EXERCISE BRIEF
If a record contains a picture, leave the picture out and transcribe everything else exactly.

RECORD SET
┌──

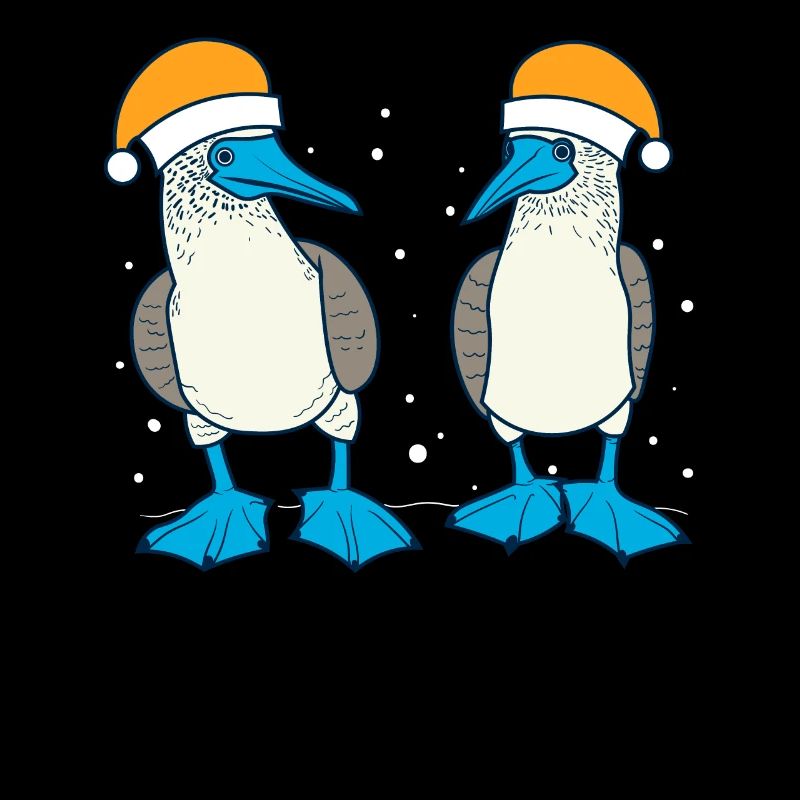 Fou à pieds bleus Noël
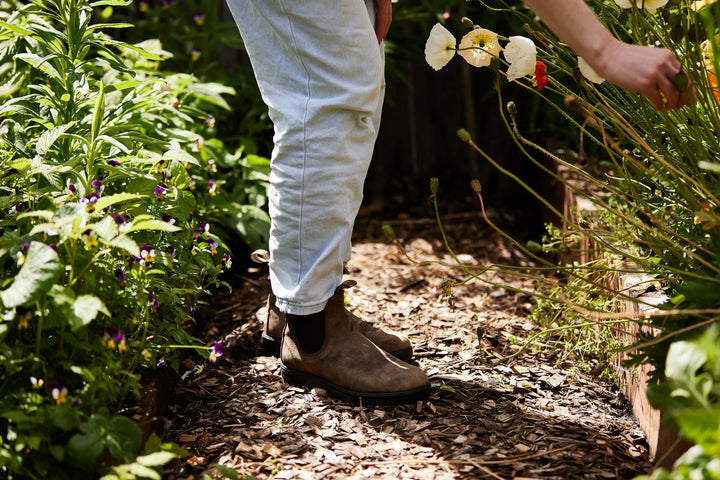 Poppy Iceland Pastel Victory Giant Mixed Flower | x 500 Seeds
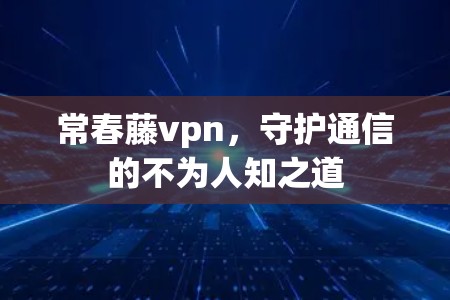 常春藤vpn，守护通信的不为人知之道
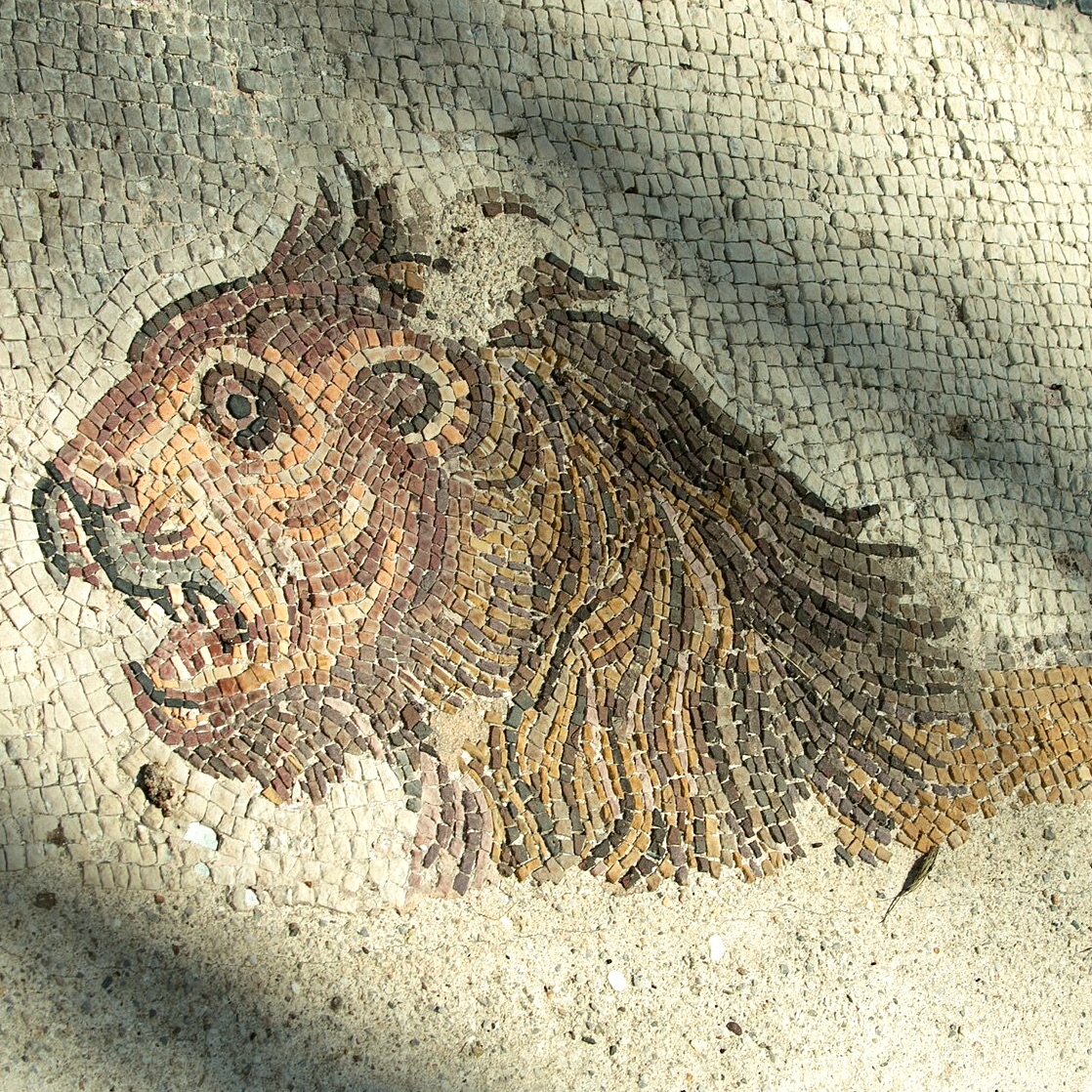 New Moon in&nbsp;Leo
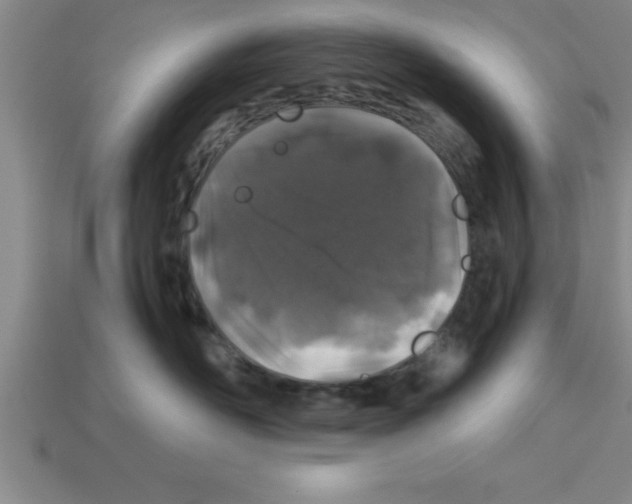 X0000112880526200910021355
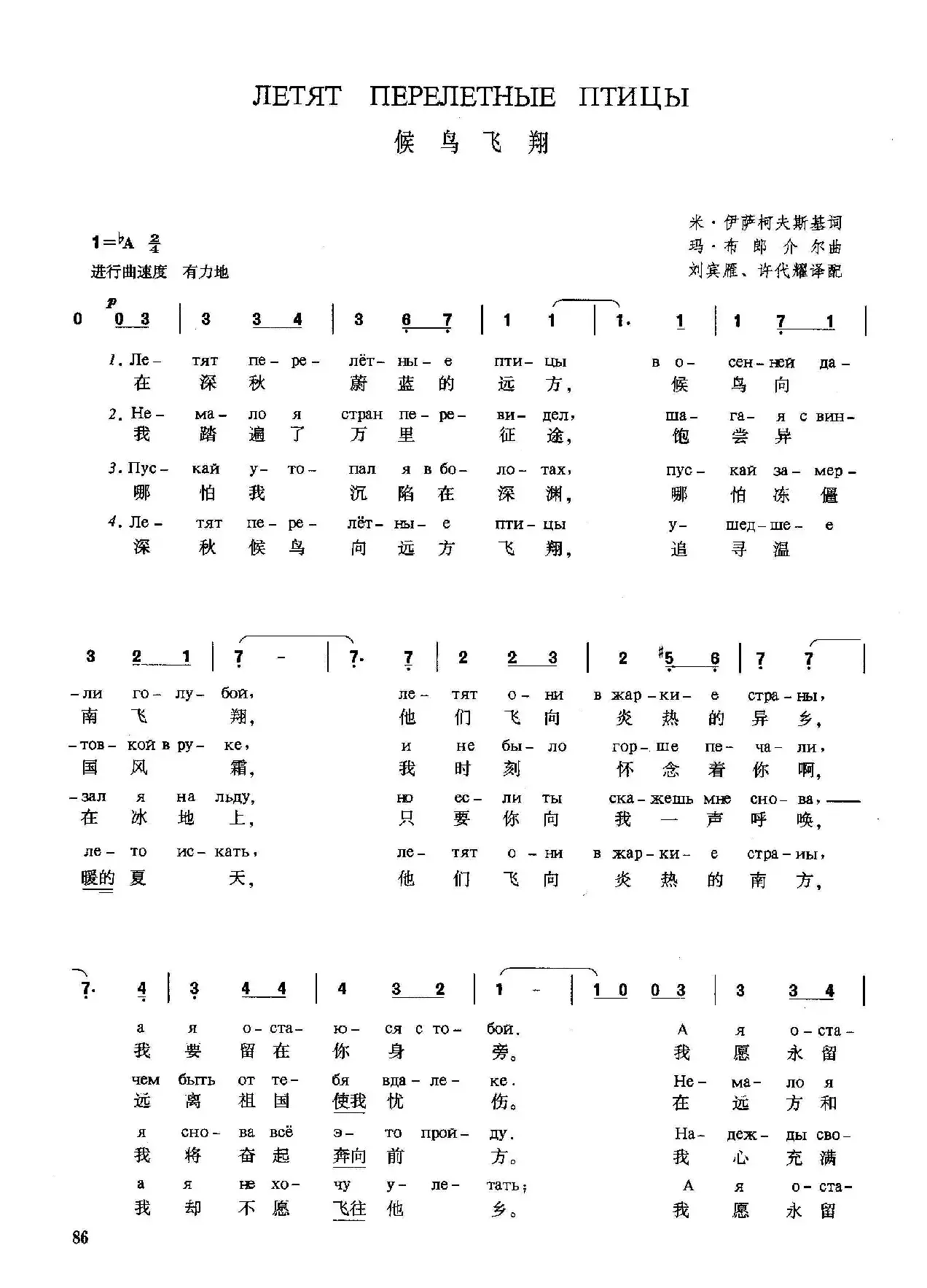 [俄]候鸟飞翔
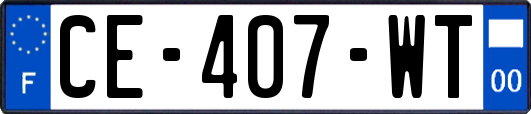 CE-407-WT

└──

EXPECTED OUTPUT
 Fou à pieds bleus Noël
 Poppy Iceland Pastel Victory Giant Mixed Flower | x 500 Seeds
 常春藤vpn，守护通信的不为人知之道
 New Moon in&nbsp;Leo
 X0000112880526200910021355
 [俄]候鸟飞翔
 CE-407-WT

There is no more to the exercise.